As a representative example of a laminate film used for materials used to cover the batteries, there is a three-layer laminate film that has a heat-seal resin film, which is a heat seal layer, laminated on one side of an aluminum thin film, which is a thin metal film, and a protection film laminated on the other side.
Generally, in a film-covered battery which uses a laminate film for a covering material, a battery element comprising a positive electrode, a negative electrode, an electrolyte and the like is hermetically sealed (hereinafter simply called “sealed”) by covering the battery elements with the covering material in such a manner that heat-seal resin film is positioned inside, and by heat-sealing the covering material around the battery element. Polyethylene or polypropylene, for example, is used for the heat-seal resin film, while a nylon film or a polyethylene terephthalate film, for example, is used for the protection film.
For reference, as a battery element, other than chemical batteries such as a lithium battery, a nickel hydrogen battery and the like, those having a charge accumulating function such as a capacitor also use laminate film as a covering material.
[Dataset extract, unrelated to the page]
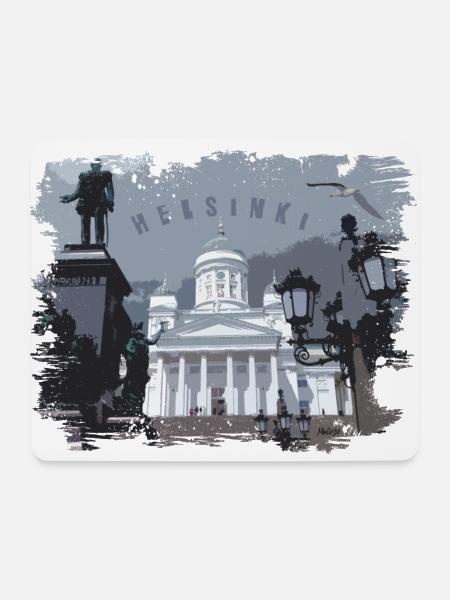 Helsinki Kathedrale T-Shirts, Hoodies, Produkte - Mousepad (Querformat) - Weiß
In a film-covered battery, lead terminals are connected to a positive electrode and a negative electrode of a battery element, respectively, for leading the positive electrode and negative electrode to the outside of the covering material to extend these lead terminals from the covering material. The lead terminals are connected to the battery element by ultrasonic welding or the like before the battery element is sealed. Also, the battery element is sealed by sandwiching the battery element with two sheets of covering material, and by heat-sealing the covering materials along the peripheral edge. The covering materials are heat-sealed by first heat-sealing three sides of the covering materials for formation into a bag. Subsequently, air is exhausted from the interior of the covering materials to produce a vacuum inside the covering materials, the covering materials are brought into close contact with the battery element by atmospheric pressure, and the one side that remains is heat-sealed in this state.
When the battery element has a certain degree of thickness, the general approach is to form one of the covering materials into the shape of a collared container shape by deep-draw molding, such that the battery element is readily received therein, cover the covering material formed into the container shape from above the battery element, and join the collar by thermal fusing.
For preventing external moisture and the like from being introduced into the film-covered battery and to prevent the electrolytic solution and the like within the film-covered battery from escaping to the outside, a thin metal film of aluminum or the like is used in the covering film as a barrier layer, but the heat-seal resin film layer is exposed along the edge of the joint section around the battery element, causing a leak path based on the molecular transport phenomenon of the resin itself. Therefore, to improve the reliability of sealing for the film-covered battery, the leak can be reduced by increasing the width of the joint section to extend the transmission path and to increase the resistance, however this causes the problem that a larger projection area of the film-covered battery. Thus, JP-A-2002-25514 proposes a reduction in projection area by folding a joint section toward a battery element receiving section.